Tapehead: Video Store Film School

This week, our featured book is The Cinema of Tom DiCillo: Include Me Out. Today, we are happy to present an essay in which author Wayne Byrne, reveals how the book came to be.

CUP Blog Essay – Tapehead: Video Store Film School

By Wayne Byrne

One day in the video store I noticed an iridescently colored VHS case for a film with a striking picture of Brad Pitt sporting a huge pompadour. Something prompted me to rent the film.

I cannot underestimate the influence Johnny Suede had on me; it was a culture shock…It opened up to me the doors of Cinema and all its varieties and possibilities. Films didn’t just have to be about violence and spectacle; they could be about you and me, or those people just over there. The raw human emotions of the film felt real and immediate, yet its surrealist aesthetic, absurd humour and haunting music gave it a sense of the peculiar and the exotic. The effect it had on me was hypnotic.

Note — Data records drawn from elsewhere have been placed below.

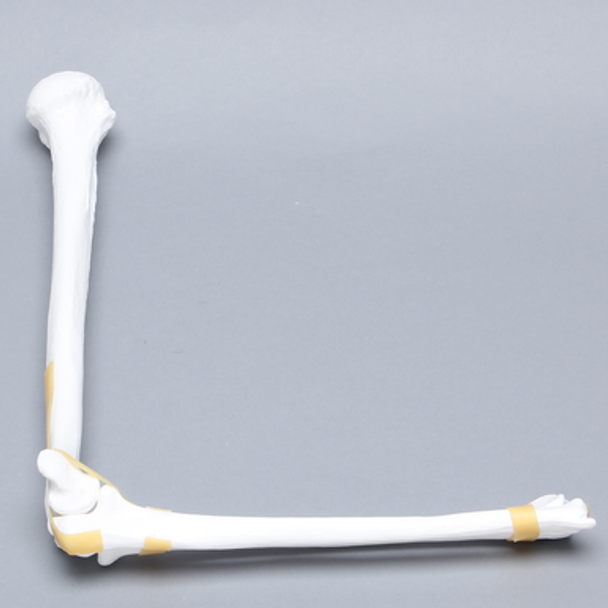 Elbow with Latex Ligament, Plastic Cortical Shell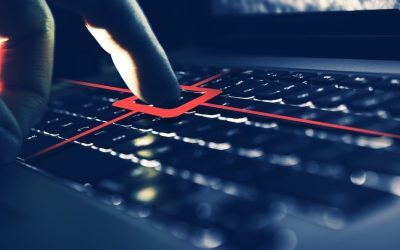 Guvernul expune CNP-uri și adrese pe noua platformă de companii de stat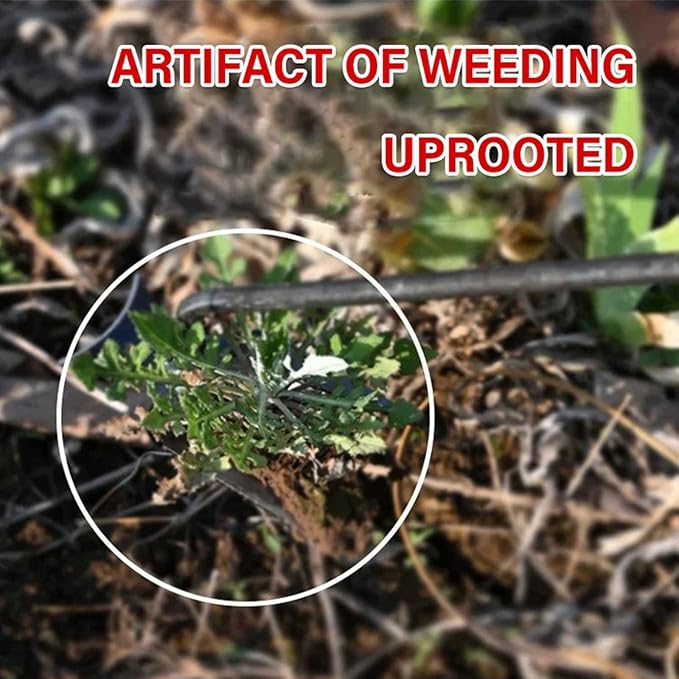 Weeding Artifact Uprooting Weeding Tool, Multifunctional Weeder, Hand Weeder Tool, 4 Teeth Stand Up Weed Puller Tool with Handle for Garden Yard Farm Weed Removal (16in, Extra Long Wood Handle)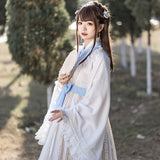 Vintage Chinese Hanfu Dress Sweet Qi Long Kimono Sleeve Lolita Dress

I immediately declared my unabashed belief of Johnny Suede to be the greatest film I had ever seen to anybody that would listen. I longed to experience more of this director Tom DiCillo’s work; his was an idiosyncratic vision that was completely and distinctively his. It felt like Johnny Suede was this little gem only I was privy to and I wanted to keep it, literally. Upon returning the video I proposed an offer to the clerk which would have resulted in the most expensive purchase in my life up to that point had he accepted: ‘I’ll give you thirty pounds for it!’ Deep down I knew my proposition was going nowhere; the kid was a mere employee with no ability to make such executive decisions as turning a rental cassette into a retail one; nor did I actually have thirty pounds to give him should he accept my offer. It was more of a desperate, knowingly futile attempt by me to cling tangibly to this videocassette that reached into my soul and dared to show me an alternative world of cinema beyond the only one I knew.”

– Wayne Byrne, The Cinema of Tom DiCillo: Include Me Out

 

In 1987, at the age of four, I had two of the formative experiences of my life; my awakening, if you will: I visited a movie theatre for the very first time, and my family bought our very first VHS machine…I also started school that year, but, yeah, whatever.

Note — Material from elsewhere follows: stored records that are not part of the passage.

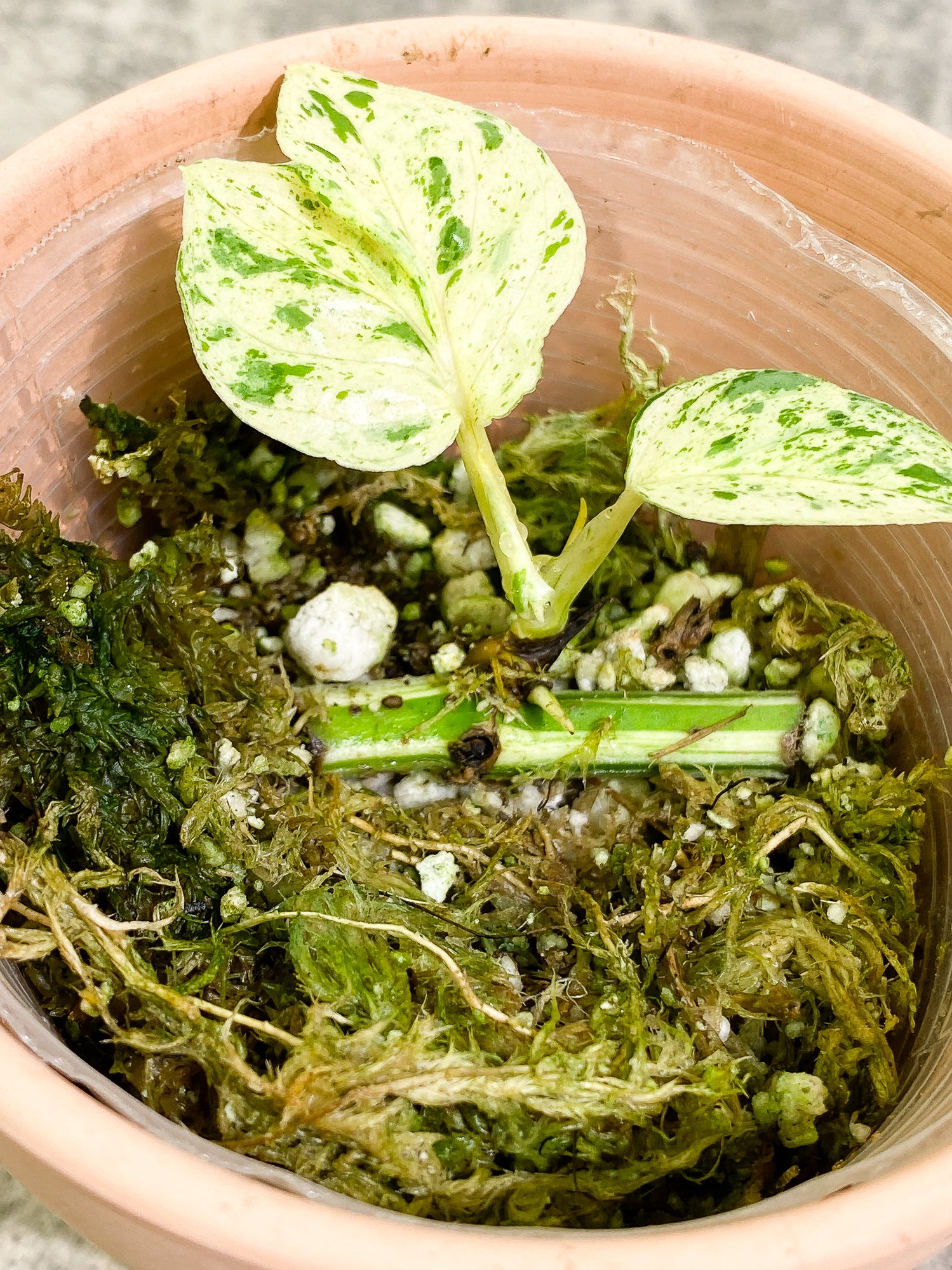 Epipremnum pinnatum marble 3 leaves 2 sprouts slightly rooted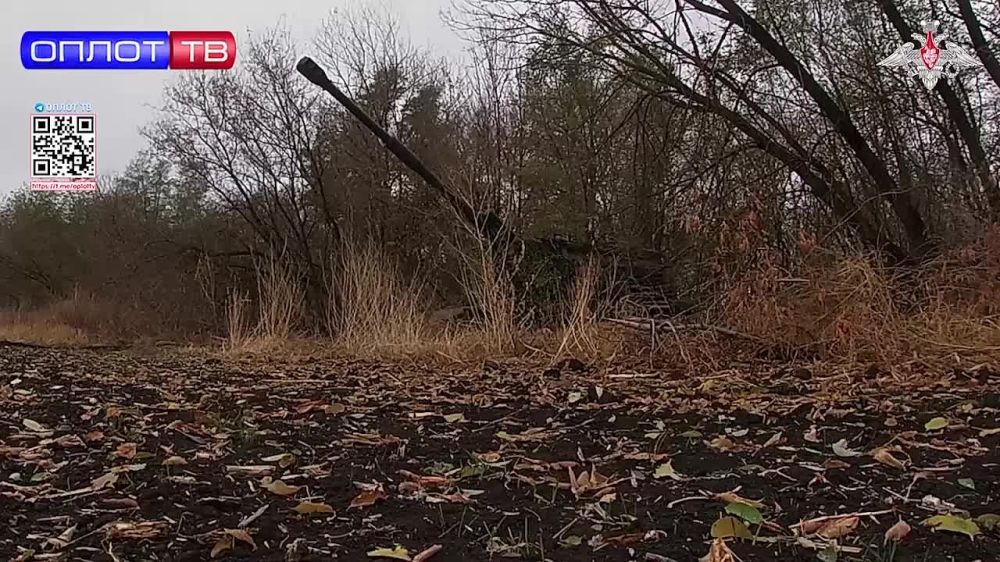 ������� ��� �����������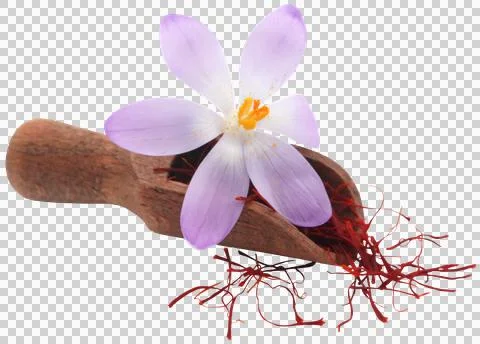 Saffron with crocus flower Stock Photos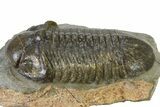 :Large, Very Inflated Struveaspis Trilobite - Jorf, Morocco #323381-1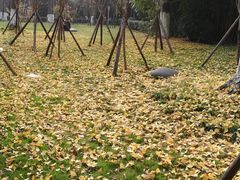 -沙河三洞古桥公园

I wish I could say it was Fellini’s 8 ½ or a Sergei Eisenstein montage that nudged my brain into cultural activation, but it was in fact Masters of the Universe, the extravagantly-Eighties He-Man adaptation starring Dolph Lundgren and produced by Cannon Pictures; a picture that is, as my first theatrical encounter, perhaps the single most important piece of cinema I’ve ever experienced. The pleasures of watching that film unspool before my eyes at that age felt absolutely primal; the spectacle of not only the movie but of the movie theatre itself, with its staggered descending rows of seats and giant rippled red curtains; the spectral ray of light emanating above my head from a tiny projection room window out toward the giant screen. Reminiscing wistfully, even nostalgically, it’s easy to overestimate the minute details of the event, but there’s no denying the sense of the magical that was felt and is retained; gazing up at that projected stream of light, it was simultaneously something tangible yet completely elusive. That brief moment in time has single-handedly set me on course to be writing this very think piece thirty years later.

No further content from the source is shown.